Does a standard homeowners’ policy cover damage to my landscaping?
Most policies cover trees, plants and shrubs but they are usually covered at a reduced rate and it all depends on the circumstances. For example, if there was fire/lightning, riot or civil commotion, aircraft, vehicles not owned or operated by a resident of the “residences premises,” vandalism or theft. Prepared will pay up to 5% of the limit of liability that applies to the Coverage A-Dwelling for all trees, shrubs, plants or lawns. Prepared pays no more than $500 of the limit on any one tree, shrub or plant.
What are some problems for planting a tree to close to my home?
There are 3 main problems with planting a tree to close to your home.
- Mechanical damage – roots get near a foundation or utility line, & exert pressure against it. Hence the raised and broken sidewalks we see near some species of tree, such as Norway maples.
- Trees make the soil moisture actuate due to taking water up. This can cause problems when soils expand & contract which can stress your foundation by pressure.
- A branch could fall on a house, or the tree could topple.
How can I landscape my yard to keep it from flooding my home?
Leave a gap between your mulch and siding – When mulching your landscape, keep the materials away from the siding and leave a 6-inch gap.
Direct downspouts away from the house – Extend downspouts away from the house to keep the water farther away from the house.

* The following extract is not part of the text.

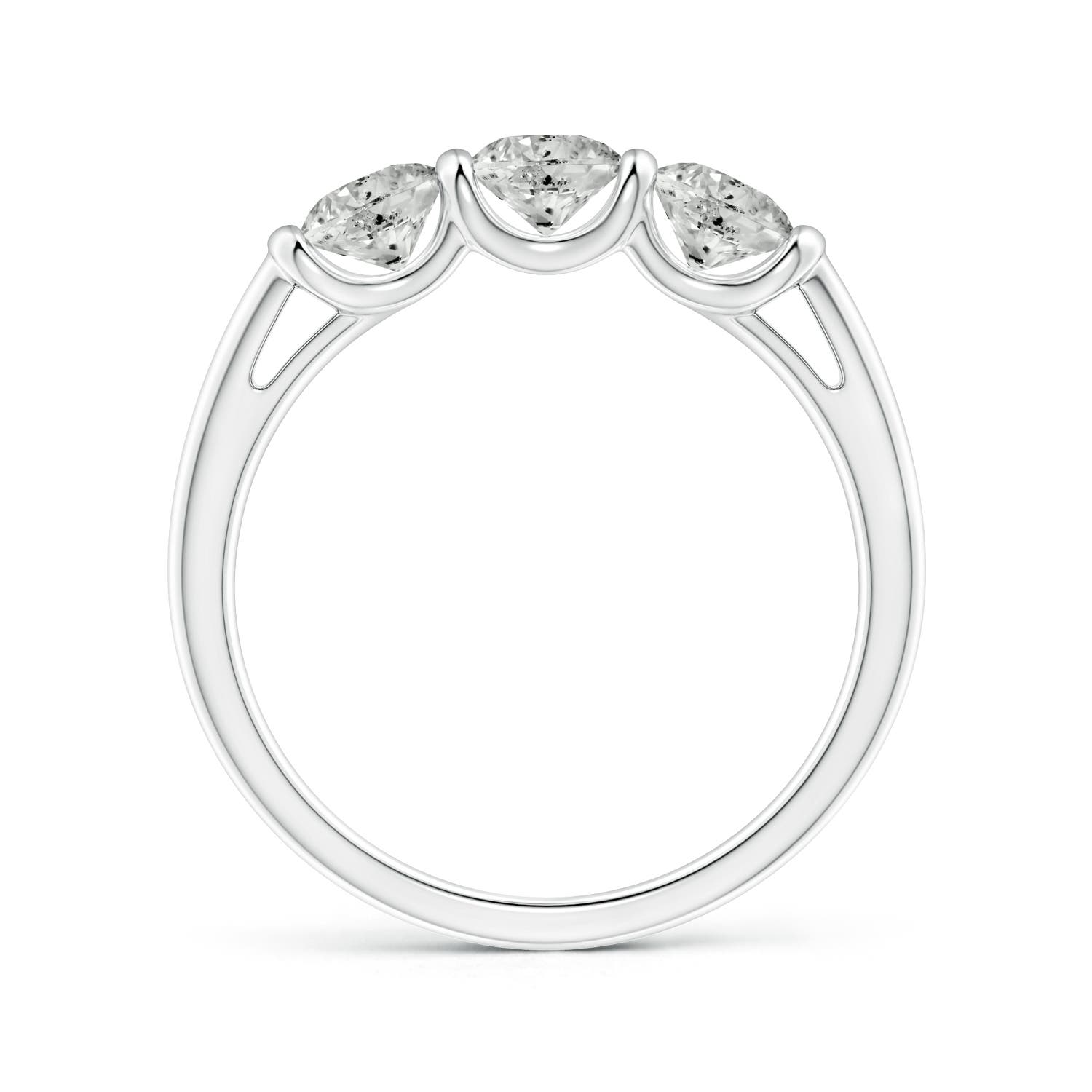 K, I3 / 0.9 CT / 14 KT White Gold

Install a rain garden – Place the plants with the highest wet-soil tolerance in the center. Those at the edge will drain quickly while the middle remains submerged.
- In the past 5 years, all 50 states have experienced floods or flash floods.
- Everyone lives in a flood zone. (For more information, visit our Flood Zones FAQs.)
- Homeowners’ insurance does not cover flood damage.
- If you live in a Special Flood Hazard Area (SFHA) or high-risk area and have a Federally backed mortgage, your mortgage lender requires you to have flood insurance.
- Just a few inches of water from a flood can cause tens of thousands of dollars in damage.
- Hurricanes, winter storms and snowmelt are common (but often overlooked) causes of flooding.